The electronic version of this article is the complete one and can be found online at:

Published:19 September 2013

© 2013 Levy et al; licensee BioMed Central Ltd.

This is an Open Access article distributed under the terms of the Creative Commons Attribution License (, which permits unrestricted use, distribution, and reproduction in any medium, provided the original work is properly cited.


To replicate their genome retroviruses need two key enzymes, the viral reverse transcriptase (RT) and integrase (IN). Soon after viral infection of a target cell, the genomic RNA is reverse transcribed by RT to generate the double-stranded viral DNA that interacts with viral and cellular proteins to form the pre-integration complex (PIC). IN is a key component of the PIC and is involved in several steps of retrovirus replication notably in reverse transcription, nuclear import, chromatin targeting and integration. IN cannot perform these functions on its own and need to recruit host cell proteins to efficiently carry out the different processes. Retroviral INs are proteins showing high inter-domain flexibility which accounts for their ability to interact with multiple partners, which in turn chaperone PIC formation and its multiple functions in integration. We assume that the different functions of the PIC in viral infection reflect the different conformations of their protein components as well as post-translational modifications. Biochemical and structural studies of the PIC have long been hampered due to the dynamics of composition and the intrinsic flexibility its components such as IN. We demonstrated that the low solubility and inter-domain flexibility can be circumvented by forming stable and specific complexes with DNA or protein co-factors and by post-translational modifications.

Material and methods

Hundreds of milligrams of stable complexes are needed for in vitro functional and structural studies. For this, we develop new technologies for high molecular weight transient complexes production as well as for functional and structural analysis (mammalian cell system for protein production, in vitro functional analysis and complexes characterization). Structures have been solved by cryo-electron microscopy (Cryo-EM) and atomic model structures were fitted in the low resolution map using normal mode flexible fitting.
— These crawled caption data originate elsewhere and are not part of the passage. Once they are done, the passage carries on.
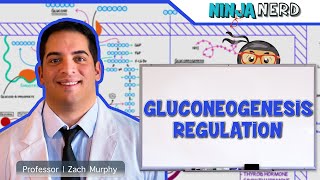 Metabolism  Regulation of Gluconeogenesis [upl. by Aitercul]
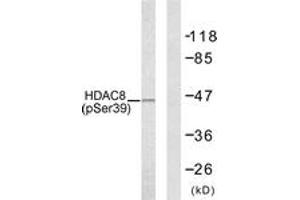 Western blot analysis of extracts from NIH-3T3 cells, using HDAC8 (Phospho-Ser39) Antibody. (HDAC8 抗体  (pSer39))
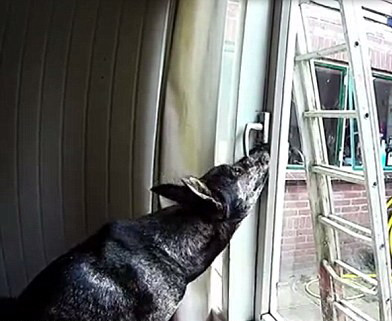 Au montat o camera in living sa vada ce face cainele lor. Imaginile au ajuns virale pe internet. VIDEO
We reconstruct in vitro stable and soluble complexes around IN, the core protein of the PIC. We solved by cryo-EM the structures of the IN/LEDGF/DNA (Michel et al, 2009) and IN/LEDGF/INI1/DNA (Maillot et al, 2013) complexes. Structures together with functional assays gave important hints on the functional role of LEDGF and INI1 in HIV-1 infection. Other sub-complexes of the PIC have been characterized in our lab. One of them, the IN/transportin-SR2/VBP1 complex is involved in the PIC nuclear translocation (cryo-EM structure in progress).


Our results suggest that the function of INI1 (the core protein of the swi/snf chromatin remodeling complex) in HIV-1 replication is to stabilize the PIC in the host cell, by maintaining integrase in a stable constrained conformation which prevents nonspecific interactions and auto integration on the route to its integration site within nucleosomes, while LEDGF (a transcriptional co-activator) organizes and stabilizes an active integrase tetramer suitable for specific vDNA integration.